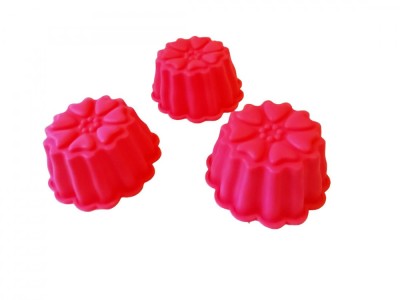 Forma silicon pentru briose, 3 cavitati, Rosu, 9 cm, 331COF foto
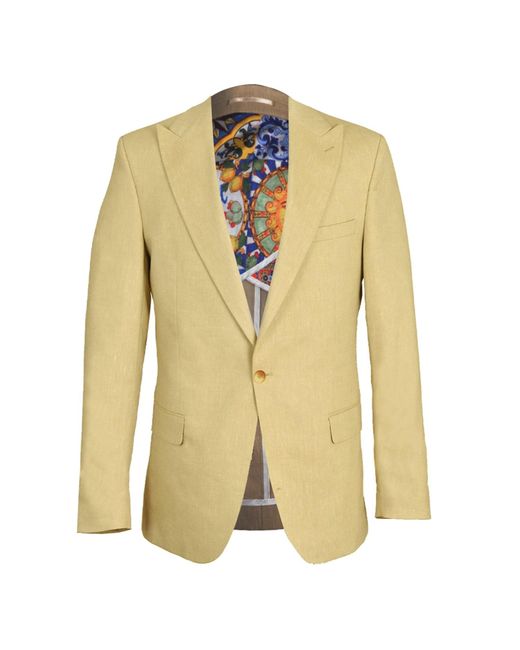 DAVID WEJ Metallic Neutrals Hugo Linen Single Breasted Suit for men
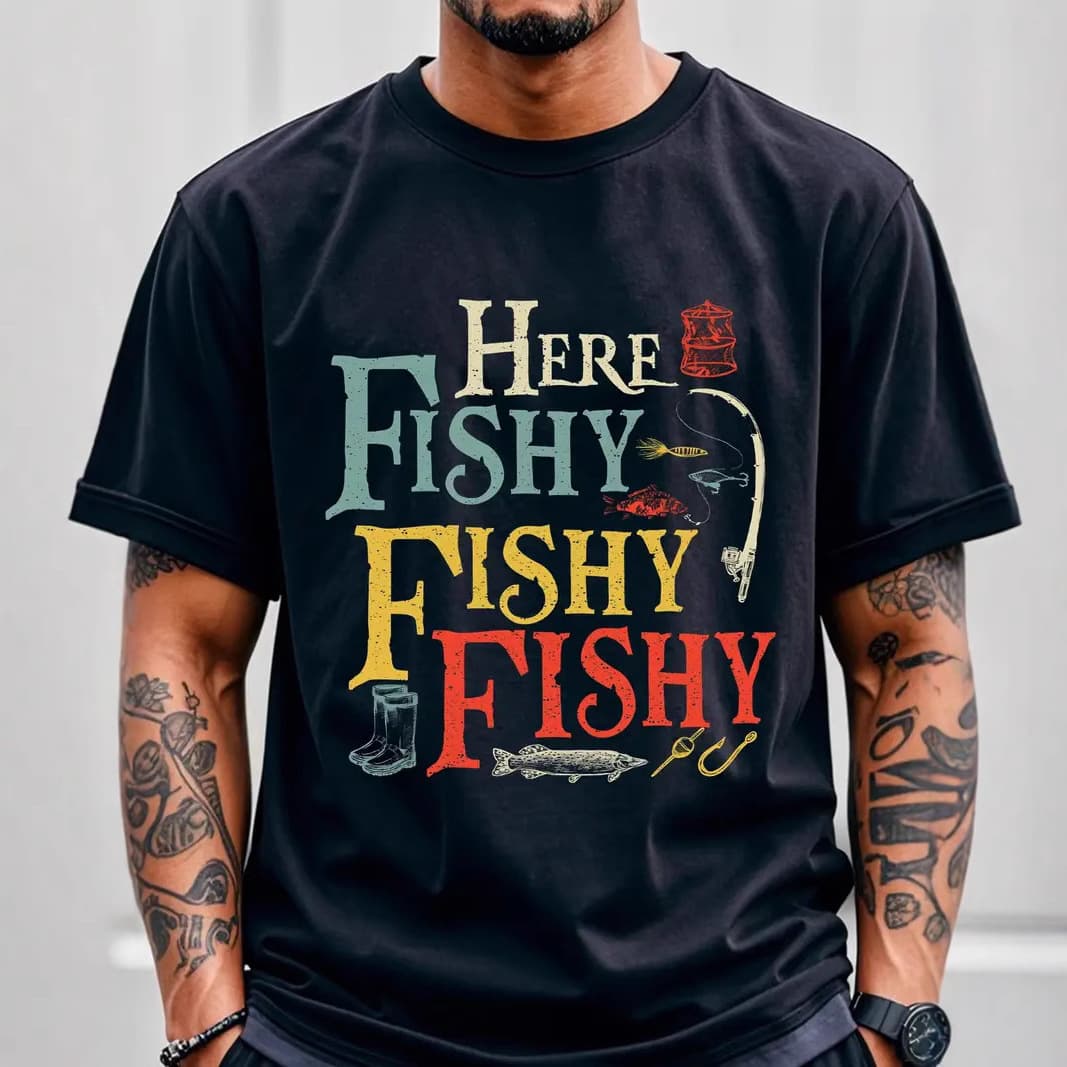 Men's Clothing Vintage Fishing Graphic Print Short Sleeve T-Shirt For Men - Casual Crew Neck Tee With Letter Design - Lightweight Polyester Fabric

• • • • • • •

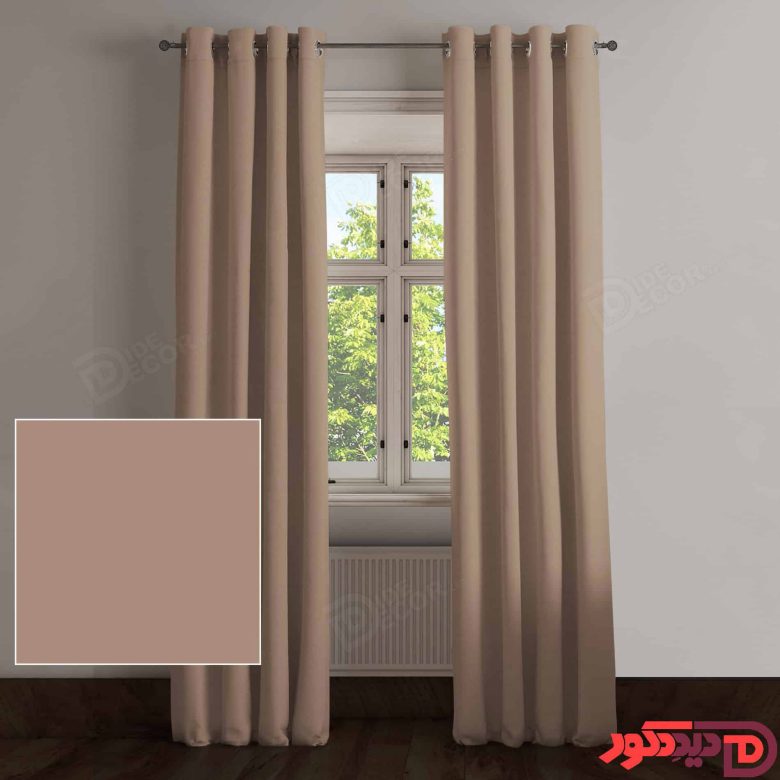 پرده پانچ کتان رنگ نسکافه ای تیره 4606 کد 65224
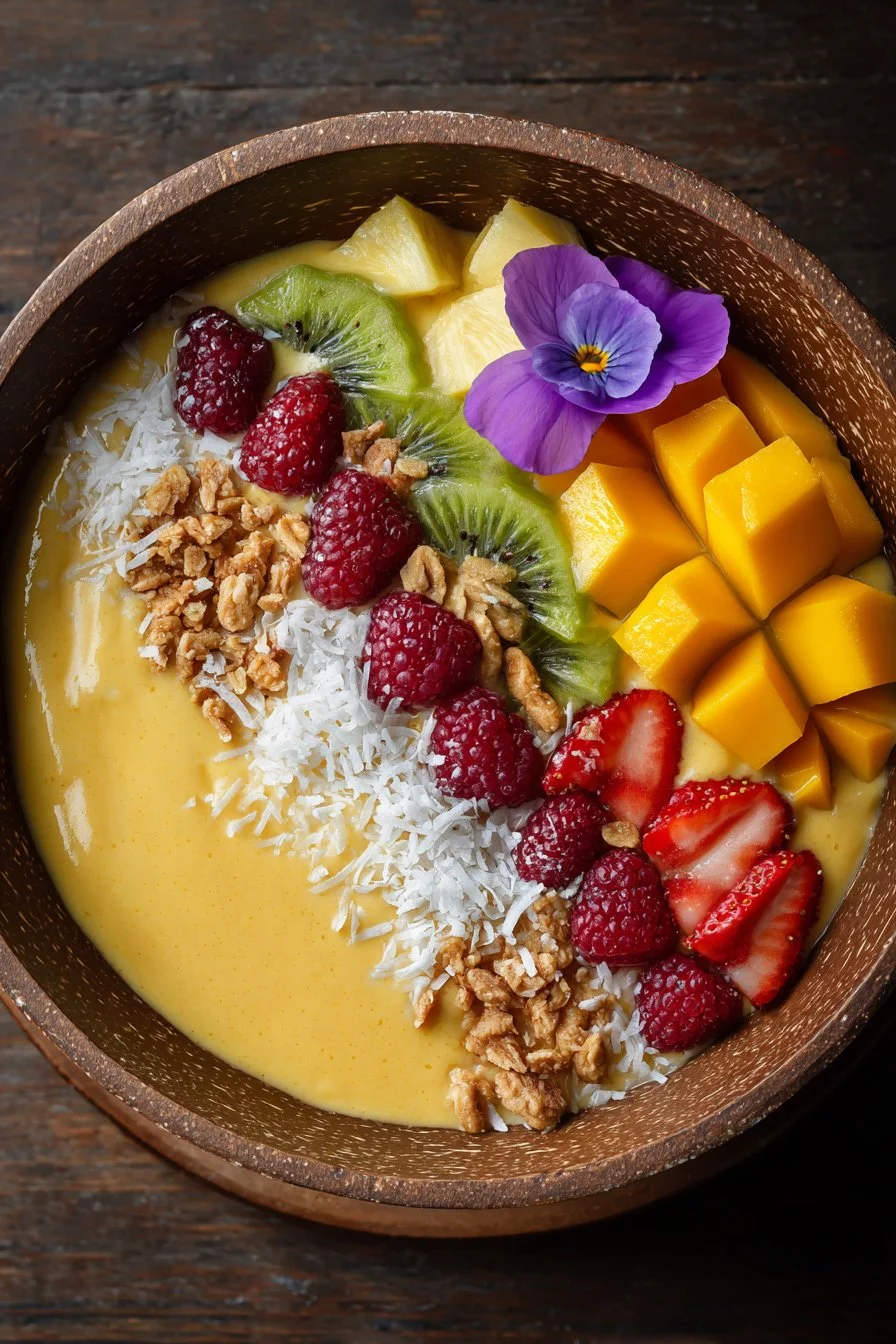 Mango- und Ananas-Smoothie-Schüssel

• • • • • • •

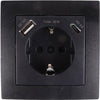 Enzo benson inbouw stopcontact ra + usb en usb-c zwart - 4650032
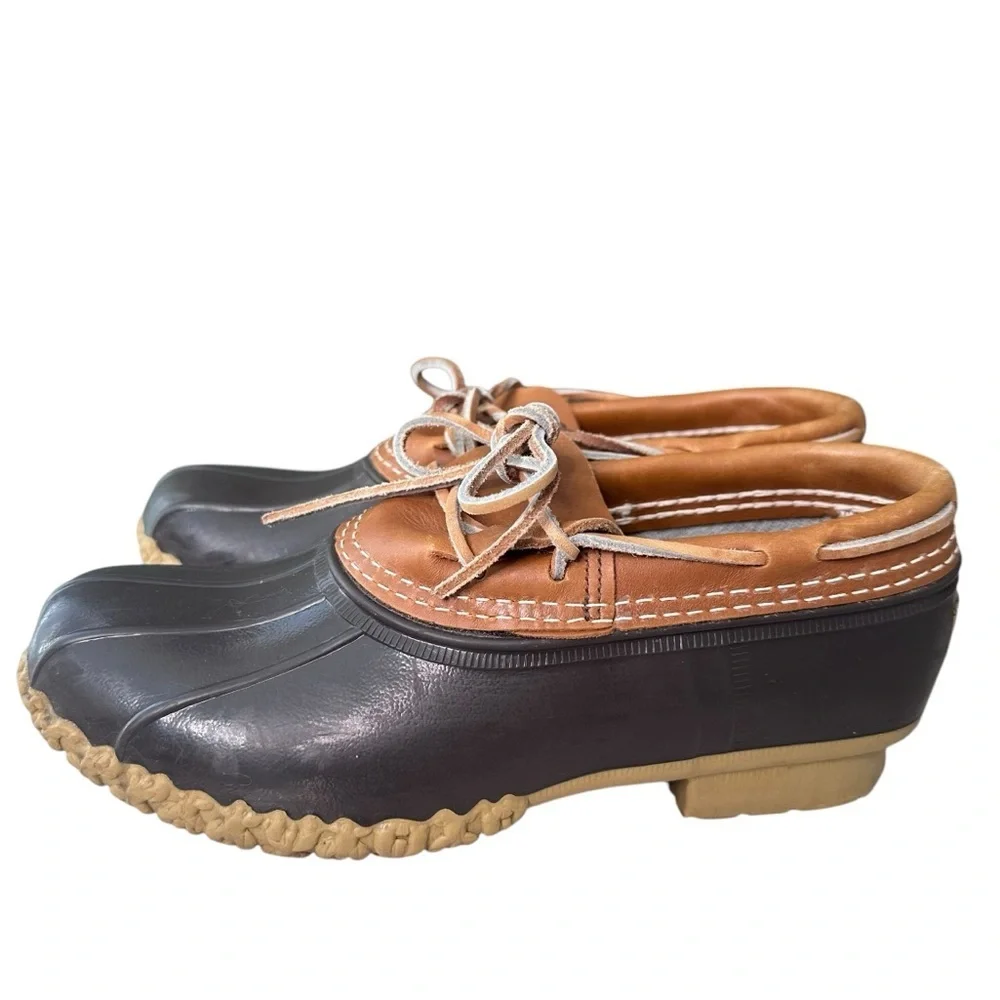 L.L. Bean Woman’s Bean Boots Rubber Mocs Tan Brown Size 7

• • • • • • •

◆ Work required: Where a picture appears in the records above, omit it, and transcribe exactly the stretch of lines from the one with "پرده پانچ کتان" through the one with "Mango- und Ananas-Smoothie-Schüssel".

◆ Answer space:
 پرده پانچ کتان رنگ نسکافه ای تیره 4606 کد 65224
 Mango- und Ananas-Smoothie-Schüssel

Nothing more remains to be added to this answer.